The U.K. government loves to
demonize others for supporting tyrants even as it snuggles up to
virtually every despot in that region. Her Majesty’s Government has a
particularly close relationship with Bahrain, where it is
constructing a new naval base. The Kingdom is already home to the United
States’ Fifth Fleet.
The tribunal’s rationale is that “full disclosure of the
document would have ‘an adverse effect on relations’ with Bahrain, where the
U.K. is keen to build further economic and defence ties.” In other words,
disclosing these facts would make the British and/or the Bahrainis look bad,
cause them embarrassment, and could make their close friendship more
difficult to sustain.

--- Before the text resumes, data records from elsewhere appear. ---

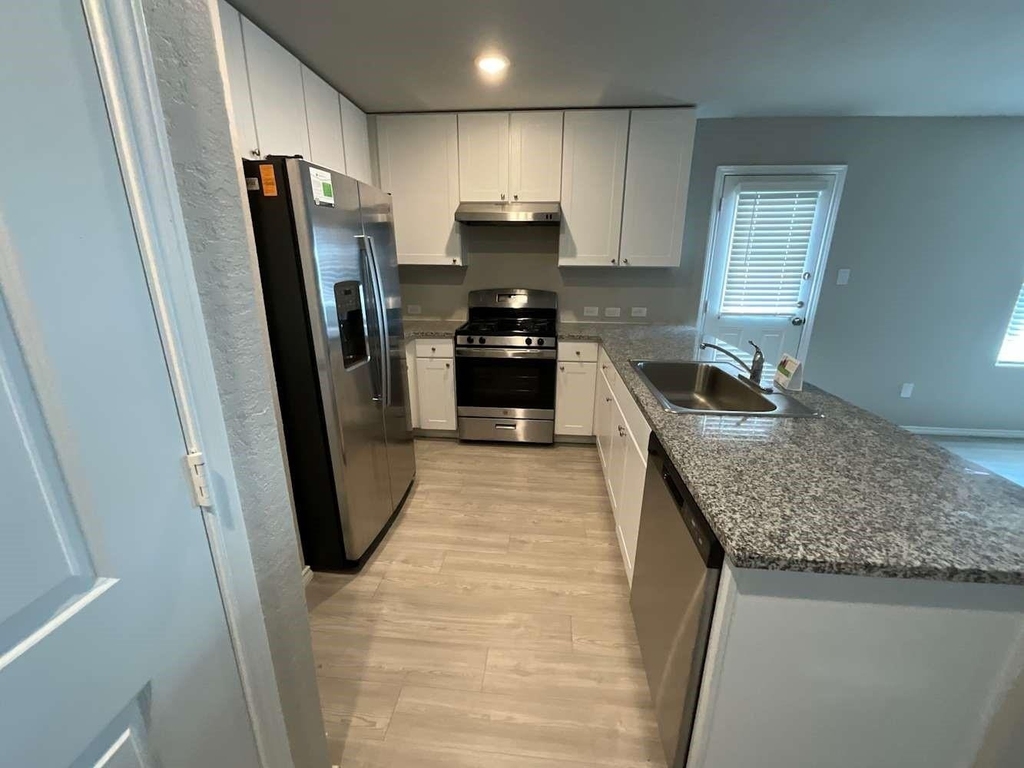 3234 Carducci Drive - Photo 5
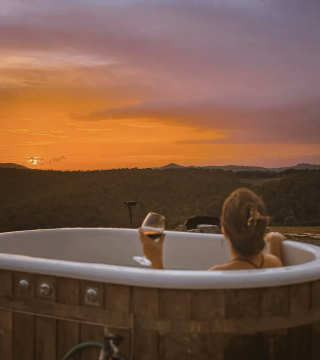 Casa Hobbit per due con hot tub e tour 4x4 sul Monte Amiata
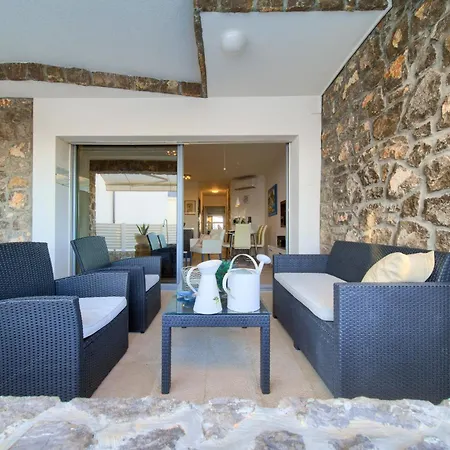 Miracle 1 With Heated Pool Krk Town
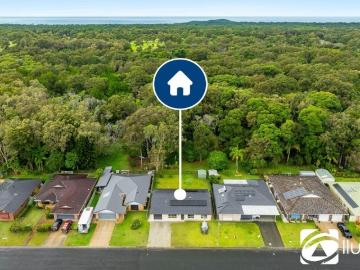 Private Bushland Backdrop in a Sought After Location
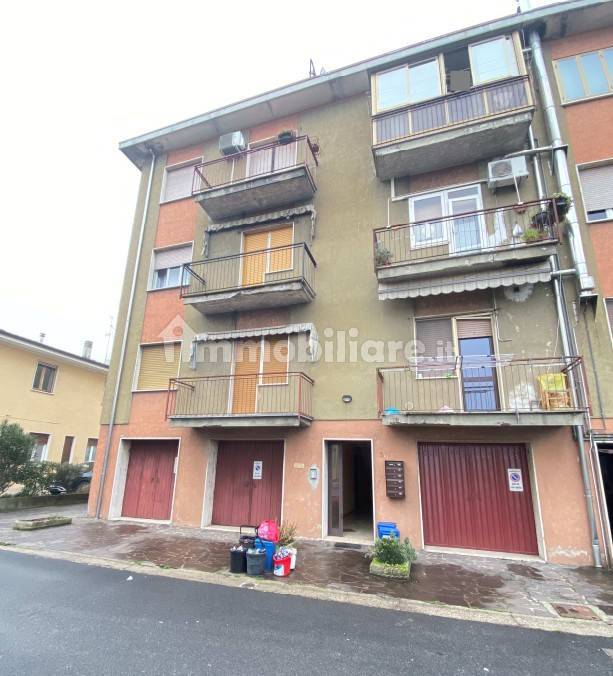 2 chambres Appartement à Marmirolo, Italy No. 374296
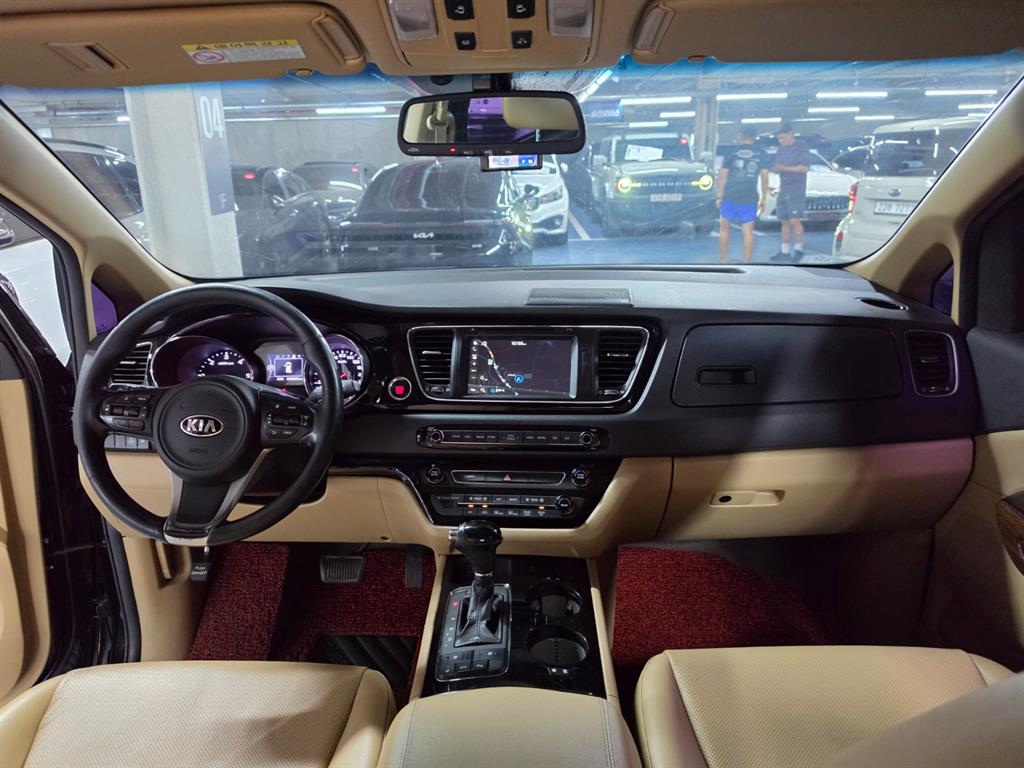 KIA Carnival - Vista 7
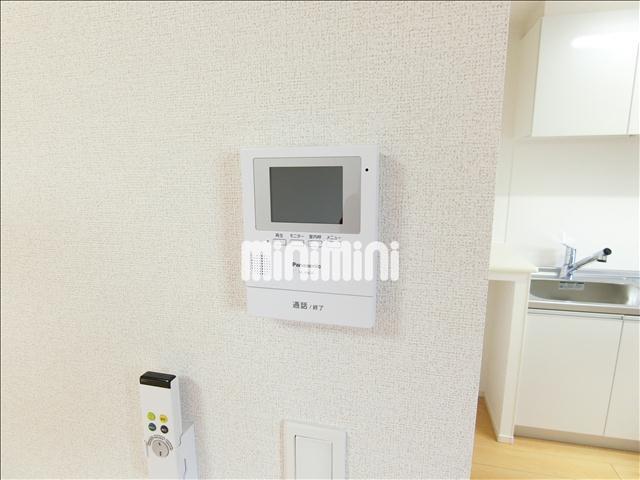 セキュリティ　来客の確認ができるＴＶ付きモニターホンです。
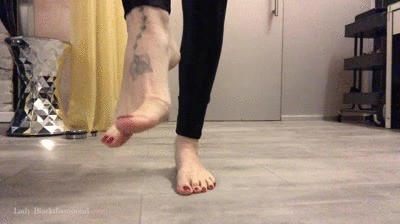 Footfetish – High High-heeled slippers And Bare Feet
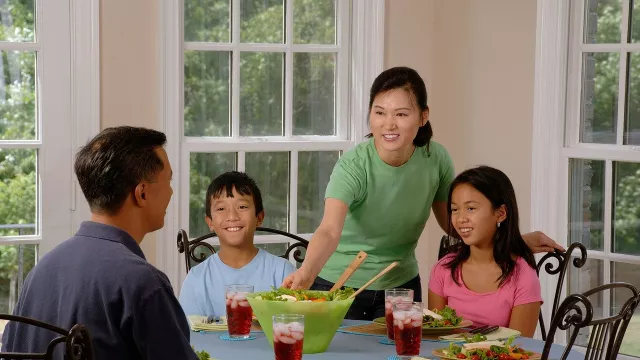 Orang Tua Perlu Luangkan Waktu Makan Bersama Anak demi Kesehatan - GenPI.co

Therefore, the British and Bahraini populations must
be denied access to the evidence of what their governments did.
This is the core mindset now prevalent in both the U.S.
and U.K. for hiding their crimes from their own populations and then rest of
the world: disclosure of what we did will embarrass and shame us, cause
anger toward us, and thus harm our “national security.” As these
governments endlessly highlight the bad acts of those who are adverse to
them, they vigorously hide their own, thus propagandizing their publics into
believing that only They — the Other Tribe Over There — commit such acts.
This is exactly the same mentality driving the Obama
administration’s years-long effort to suppress photographs showing torture
of detainees by the U.S. In 2009, Obama said he would comply with a court
ruling that ordered those torture photos disclosed, but weeks after his
announcement,
reversed himself. Adopting the argument made by a group run by Bill
Kristol and Liz Cheney against disclosure of the photos, Obama insisted
that to release the photos “would be to further inflame anti-American
opinion and to put our troops in danger.” Obama went further and announced
his support for a bill sponsored by Lindsey Graham and Joe Lieberman to
amend the Freedom of Information Act — a legislative accomplishment which
Rep. Louise Slaughter told
me at the time had long been “sacred” to Democrats — for no reason other
than to exempt those torture photos from disclosure.
In March of this year, a U.S. judge who had long sided
with the Obama DOJ in this matter reversed course. In a lawsuit brought
in 2004 by the ACLU, the judge ordered
the release of thousands of photos showing detainee abuse in Afghanistan
and Iraq, including at Abu Ghraib. He ruled that the Obama DOJ could no
longer show any national security harm that would justify ongoing
suppression.
Rather than accepting the ruling and
releasing the photos after hiding them for more than a decade, the U.S.
Justice Department last week
filed an emergency request for a stay of that ruling with the appeals
court. The argument from The Most Transparent Administration Ever™:
No healthy democracy can possibly function where this
warped mindset prevails: we are entitled to hide anything we do that
makes us look bad because making us look bad harms “national security,” and
we are the ones who make that decision without challenge. As the ACLU’s
Jameel Jaffer said:
To allow the government to suppress any image that
might provoke someone, somewhere, to violence would be to give the
government sweeping power to suppress evidence of its own agents’
misconduct. Giving the government that kind of censorial power would
have implications far beyond this specific context.
But even more threatening than the menace to democracy is
the propagandzied public this mentality guarantees. A government that is
able to hide its own atrocities on “national security” grounds will be one
whose public endlessly focuses on the crimes of others while remaining
blissfully unaware of one’s own nation. That is an excellent description of
much of the American and British public, and as good an explanation as any
why much of their public discourse consists of little more than
proclamations that Our Side is Better despite the decades of
brutality, aggression and militarism their own side has perpetrated.